Last Sunday, I presented the life of John G. Paton to our church here for their encouragement and for their challenge to the call of the gospel, not in the South Pacific only, but here in our own lives and community for the sake of the Lamb who [was] slain, and purchased for God with [his] blood men from every tribe and tongue and people and nation (Rev 5:9).
Paton went to the South Sea’s New Hebrides Islands in the middle of the 1800s to reach the cannibalistic tribes there with the gospel. He is perhaps most famous for his response to Mr. Dickson, which Paton recounts this way:
Amongst many who sought to deter me, was one dear old Christian gentleman, whose crowning argument always was, "The cannibals! you will be eaten by cannibals!" At last I replied, "Mr. Dickson, you are advanced in years now, and your own prospect is soon to be laid in the grave, there to be eaten by worms, I confess to you, that if I can but live and die serving and honoring the Lord Jesus, it will make no difference to me whether I am eaten by cannibals or by worms; and in the Great Day my resurrection body will arise as fair as yours in the likeness of our risen Redeemer."
The old gentleman, raising his hands in a deprecating attitude, left the room exclaiming, "After that I have nothing more to say!"
So Paton embarked on a lifelong journey, having left a ministry in which he was offered “any reasonable price” to stay. He refused that offer, recognizing that there were many who could do what he was doing there, and none who were willing to go to the cannibals. He went, like so many in those days, with no exit plan.
Paton endured much, more than can be conceived by most of us. He endured the death of his first wife and son, largely due to the location in which he built the first mission house. He experienced repeated threats to his life and property. He ultimately fled his first mission station without seeing much fruit. He experienced the travails of traveling to raise money, and then he returned to try once again, this time in a new location.

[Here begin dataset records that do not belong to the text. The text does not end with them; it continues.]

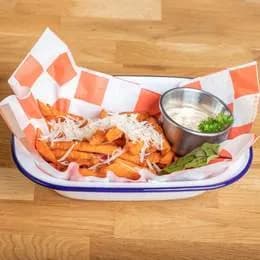 Frytki z Batatów z Sosem Aioli Czosnkowym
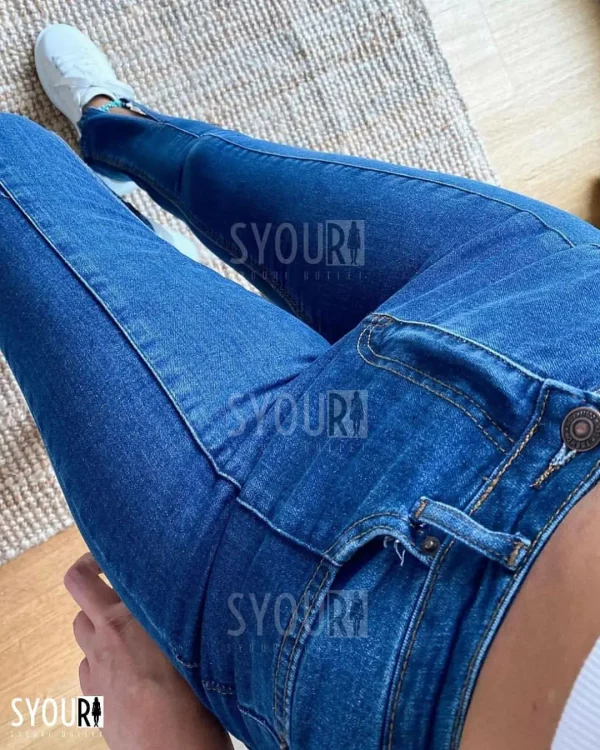 Front Slit - Skinny Jeans - Image 3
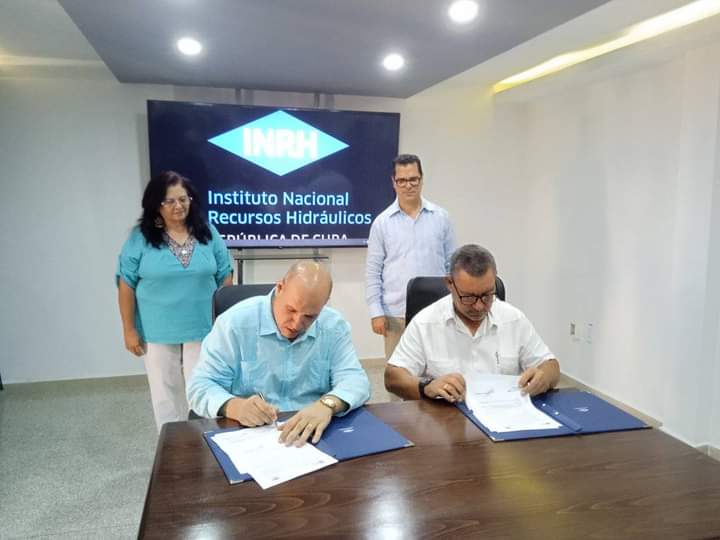 eaacav's tweet photo. 👉El Presidente del Instituto Nacional de Recursos Hidráulicos, Antonio Rodríguez Rodríguez  y Rudy Montero Mata, Presidente de la Fundación Climática Iris, Unidos por el Clima, firman un Convenio Marco de Cooperación para fortalecer la cooperación de ambas partes.
#EAACV
#Cuba https://t.co/72imE6Wy56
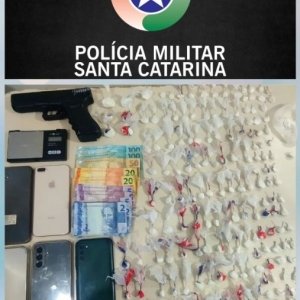  151 buchas de cocaína são encontradas em um bar durante operação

And he did it all with faith, an unshakeable conviction that heathen needed the gospel. In reflecting on his suffering on the island of Tanna he says,
In the darkest moment I never doubted that ultimately the victory there, as elsewhere, would be on the side of Jesus, believing that the whole Earth would yet be filled with the glory of the Lord. But I sometimes sorely feared that I might never live to see or hear of that happy day! By the goodness of the Ever-merciful One I have lived to see and hear of a Gospel Church on Tanna, and to read about my dear fellow-Missionaries, Mr. and Mrs. Watt, celebrating the Holy Supper to a Native Congregation of Tannese, amid the very scenes and people where the seeds of faith and hope were planted not only in tears, but tears of blood,—"in deaths oft."

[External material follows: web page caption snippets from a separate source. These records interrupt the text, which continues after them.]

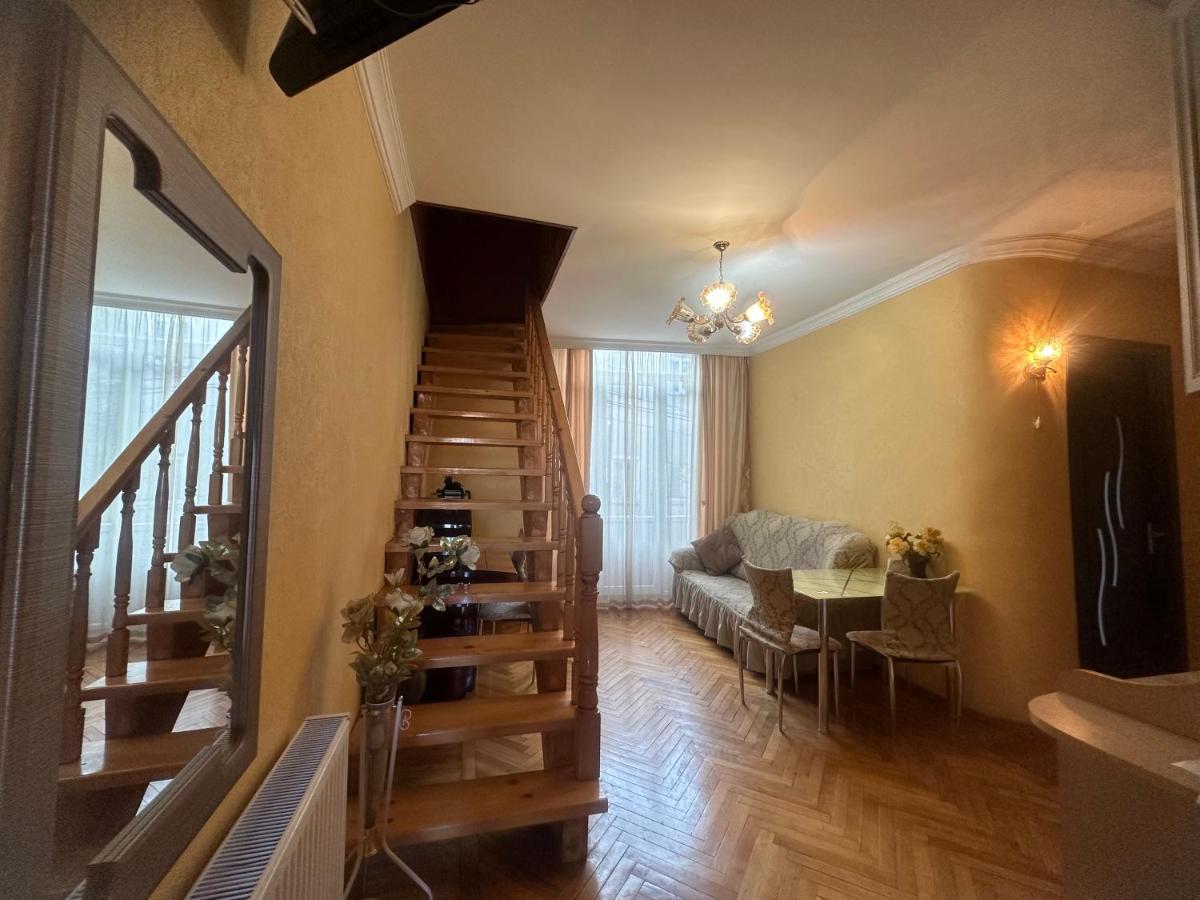 Giorgi Apartment Tbilisi ภายนอก รูปภาพ
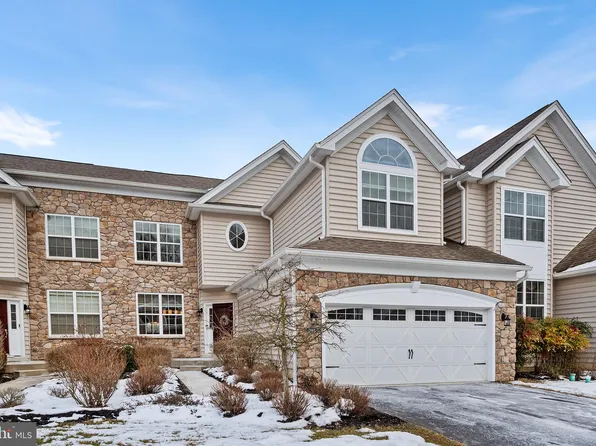 2668 Primrose Ct, Chester Springs, PA 19425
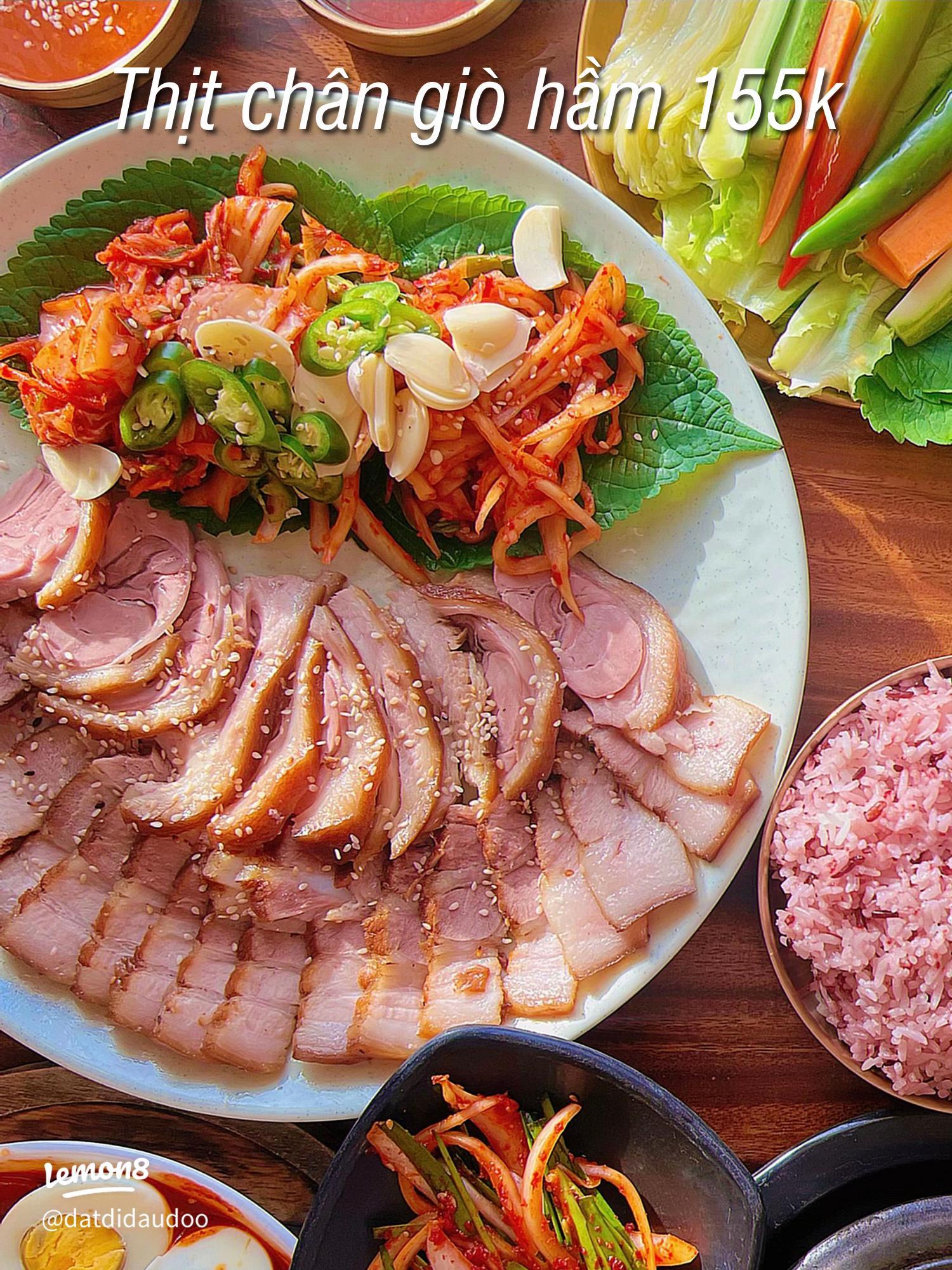 Mâm thịt nướng và các món panchan hấp dẫn tại Nhà Hàng Hàn Quốc Miền Lạnh Kang Nam P Ninh Xá TP Bắc Ninh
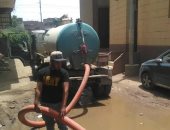مياه الصرف تغرق شوارع قرية كفر حمزة بالخانكة.. والشركة تدفع بسيارات شفط
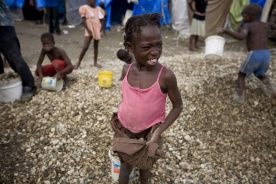 Haiti: Szkoły w obozach dla uchodźców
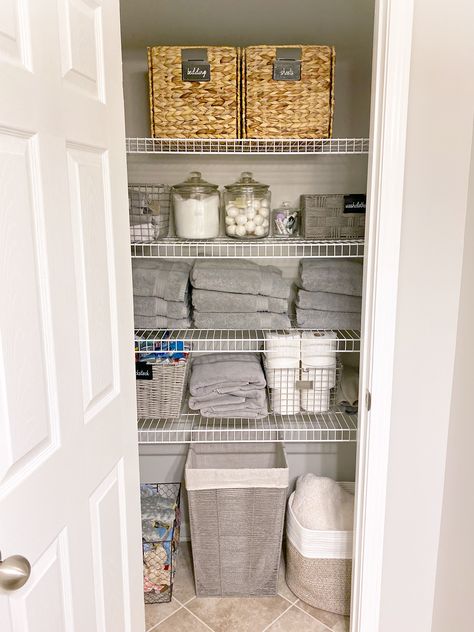 Small House Storage Ideas, Storage Linen Closet, House Storage Ideas, Cupboard Organisation, Linen Closet Design, Linen Aesthetic, Home Storage Ideas, Small House Storage, Closet Organization Tips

In the end, he saw the victory that he longed for, both on the island of Tanna (from which he fled under threat of life), and the island of Aniwa (to which he returned and lived and worked with visible success). He was instrumental in raising funds for missions, and encouraging others to go.
The story of Paton is too long to recount anything of substance here. Suffice it to say, for now, that reading his story is a great challenge.

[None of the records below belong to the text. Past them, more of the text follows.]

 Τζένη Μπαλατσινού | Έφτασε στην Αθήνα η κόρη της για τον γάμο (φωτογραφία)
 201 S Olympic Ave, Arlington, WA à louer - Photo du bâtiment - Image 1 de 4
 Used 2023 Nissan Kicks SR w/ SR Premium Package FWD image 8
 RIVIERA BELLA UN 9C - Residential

As I have said before, reading stories like these make you think you can do anything for Christ, and at the same time make you think you have done nothing.
I commend to you the life of John Paton for your edification and your challenge. Feel free to weep in his pain, to fear in his danger, to laugh in his humor (particularly when you read of the lady who desired to show her conversion by the clothes that she wore), to rejoice in his ending, and “having considered the result of his conduct, [feel obligated to] imitate his faith” (Hebrews 13:7).
**In preparation for this I read The Story of John G. Paton Or Thirty Years Among the South Sea Cannibals and J. Theodore Mueller’s short biography entitled John G. Paton: Missionary To The New Hebrides 1824-1907.
If you are interested in my presentation, you can hear it here.
1 comment:
One of my favourite quotes from Paton's autobiography demonstrates the impact of culture on the application of the gospel.
The Scots man Paton is reflecting on his years of ministry among the cannibals...wild, naked savages when he arrived. But through the influence of regeneration and discipleship, they are now participating in the public worship, all in their right mind and "properly clothed in kilts."
Sorry I don't have the book handy to provide a page reference, but I always get a chuckle when I read that again.